‘You wonder: Am I ever going to be back?’ Rickie Fowler opens up on struggles
Rickie Fowler, when he was winning the Players Championship, and making Ryder Cup teams, and ranked in the top 10 in the world, would never be asked such a question. But this is the end of 2021, and he hasn’t won since January of 2019, and he not only didn’t make the Ryder Cup this year, but he missed out on the FedEx Cup playoffs for the first time in his career, and he’s now in the triple digits in the world ranking. So here we are, and here’s what he was asked after finishing Friday’s second round at the CJ Cup in Vegas in a tie for sixth:
Don’t take this the wrong way, but is your priority going to the first tee winning, or is your priority going to the first tee continuing your improving process?
“No, we’re in a position to go play a good one tomorrow to have a chance on Sunday,” Fowler said. “… Yes, the goal right now is to go win. I know I can play well on this golf course, I’ve proven that the first two days.”

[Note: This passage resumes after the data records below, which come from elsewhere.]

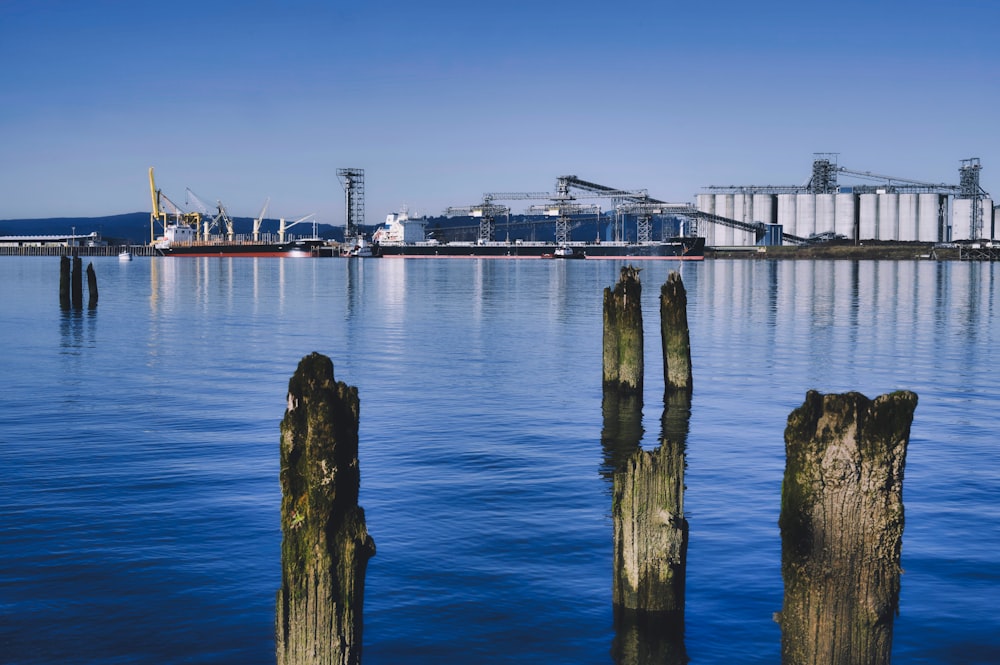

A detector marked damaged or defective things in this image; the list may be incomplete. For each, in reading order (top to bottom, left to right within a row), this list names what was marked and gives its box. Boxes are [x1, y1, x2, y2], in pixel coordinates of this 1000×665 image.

broken dock remnant [278, 350, 376, 660]
broken dock remnant [776, 390, 916, 664] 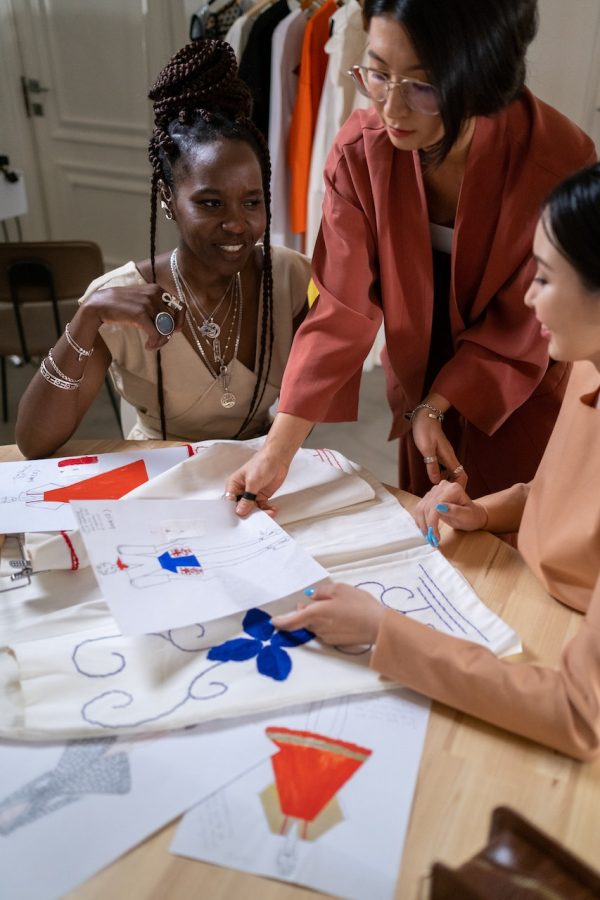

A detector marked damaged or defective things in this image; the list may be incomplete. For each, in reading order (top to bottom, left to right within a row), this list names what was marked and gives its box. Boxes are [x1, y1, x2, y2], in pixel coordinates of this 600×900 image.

rust blazer [280, 90, 596, 496] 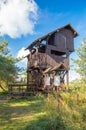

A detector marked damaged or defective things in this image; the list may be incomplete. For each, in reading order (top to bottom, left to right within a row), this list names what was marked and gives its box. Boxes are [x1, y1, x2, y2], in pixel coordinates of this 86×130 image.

rusty metal structure [25, 23, 78, 92] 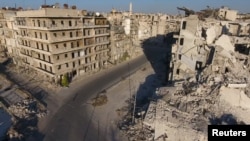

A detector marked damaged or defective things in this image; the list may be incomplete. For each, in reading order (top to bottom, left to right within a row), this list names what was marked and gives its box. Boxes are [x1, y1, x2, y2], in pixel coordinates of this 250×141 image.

war-torn architecture [14, 8, 110, 83] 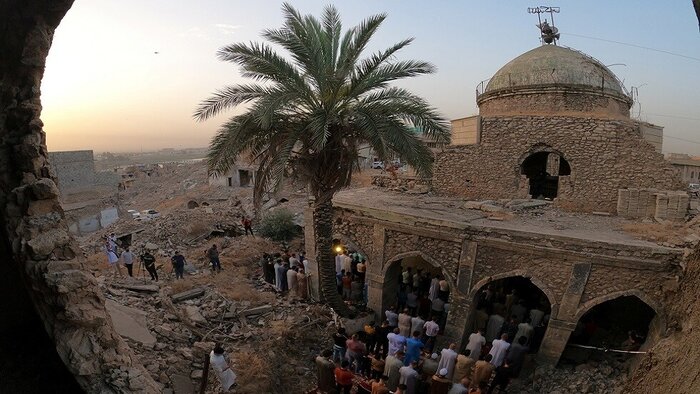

In a position to play a good one tomorrow. I know I can play well. The goal right now is to go win. In the year of the comeback in golf (see: Fowler’s friend Jordan Spieth, along with a host of others), Fowler is sounding like Fowler again. Playing like it, too. Should he even tie for sixth, it would be his best finish since January of last year.
But like the man said, the goal isn’t sixth. Or fifth, fourth, third or second. Still, as he opened up about his struggles on Friday, Fowler admitted there have been times during this downturn where winning wasn’t primary.
“I mean, it crosses your mind,” he said. “Everyone’s gone through ups and downs in golf. When you’re in those low points, there’s times when you wonder like: Am I ever going to be back in that position? Obviously you believe that you can, but there’s those thoughts of like golf is obviously one of the most humbling sports there is and you can never take it for granted.
“So being in those positions, you know where you want to be, you know you can be there, you’ve been there before, but it seems like a long uphill battle. You know, like I said, it’s definitely been humbling, we’ve been patient, but it’s nice to see some stuff start paying off.”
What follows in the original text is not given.